# frames einbauen?



## scary-kid (21. Mai 2006)

Hallo....
Ich habe mich so eben hier angemeldet.... und bräcuhte dringend Hilfe! hab seit längeren diese Seite entworfen (siehe Anhang). Aber leider hab ich damals nicht auf praktische Dinge des Webdesigns geachtet. Mich nervt es wenn ich auf der Seite etwas ändere und jedes mal alle Seiten hoch laden zu müssen.

Ich möchte gerne den mittleren Teil veränderbar haben also was Links (Navbar) Oben (Grafiken) und Rechts (Fotos) soll bleiben und in der Mitte soll ein Frame rein wo sich der Inhalt befindet...

Kann mir da jemand behilflich sein?
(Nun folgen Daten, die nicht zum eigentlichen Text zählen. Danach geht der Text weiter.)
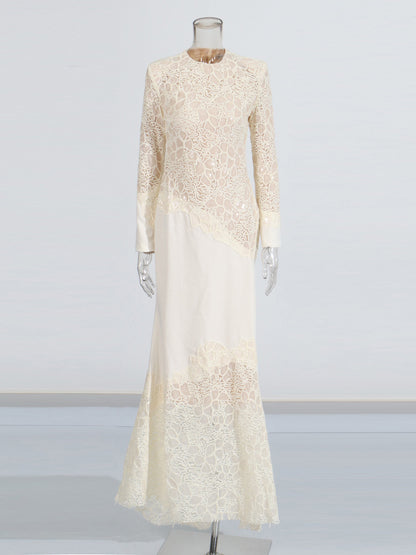Elegant Cream Lace Long-Sleeve Maxi Dress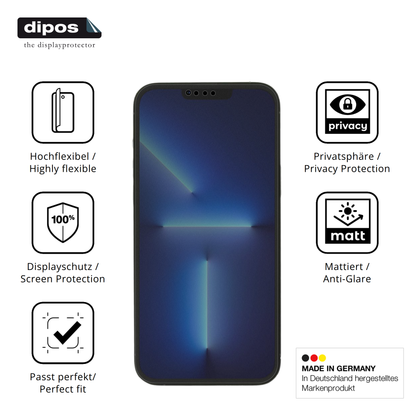 Flexible TPU-Folie passend zugeschnitten für Apple iPhone 14, mit Privatsphäre-Schutz durch Sichtschutz-Folie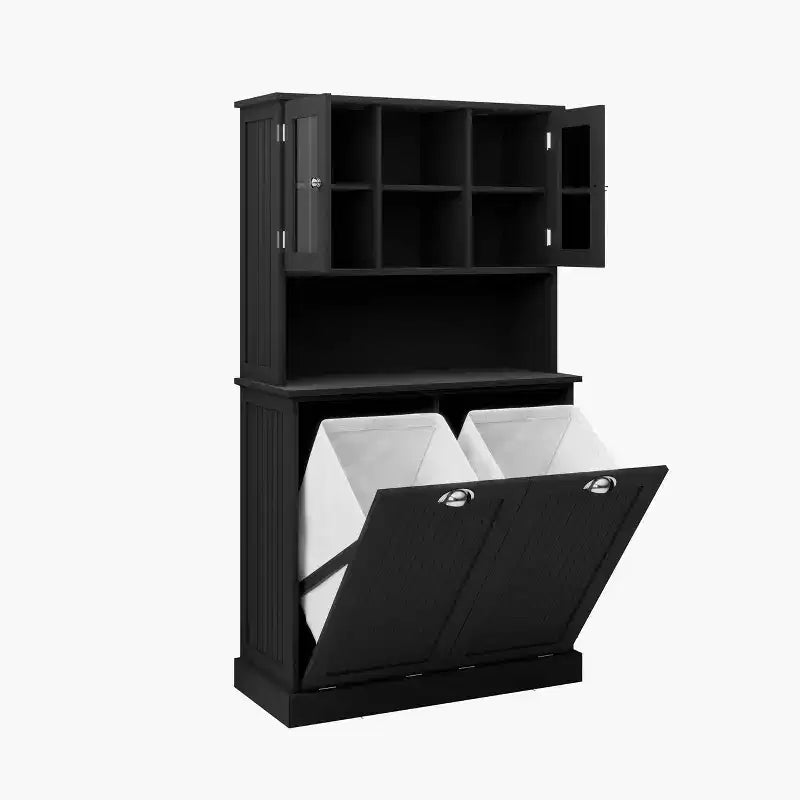 Double-Compartment Bathroom Storage Cabinets with 2 Adjustable Shelves, Suitable for Bedrooms and Bathrooms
Weil ich weiss wirklich nicht wie ich das anstellen soll... 

Vielen Dank schon im voraus

Mit freundlich Grüßen Michel!


----------



## Maik (21. Mai 2006)

Hallo Michel,

willkommen im tutorials.de-Forum.

Ich möchte dich darauf hinweisen, daß in unserem Forum Regeln gelten, die wir alle bei der Registrierung anerkannt haben.

Eine dieser Regeln besagt, daß in den Beiträgen u.a. auf die Groß- und Kleinschreibung zu achten ist.

Daher bitte ich dich, auf den "Ändern"-Button deines Beitrages zu klicken, und ihn nochmal zu überarbeiten, damit er der Netiquette Nr.15 entspricht.


----------



## Maik (21. Mai 2006)

*back to topic*

Wenn dir keine serverseitige Scriptsprache, wie z.B. PHP, zur Verfügung steht, um die Inhalte des mittleren Seitenbereichs dynamisch in das Dokument zu laden, solltest du das Kapitel SELFHTML: HTML/XHTML / Frames / Eingebettete Frames studieren.


----------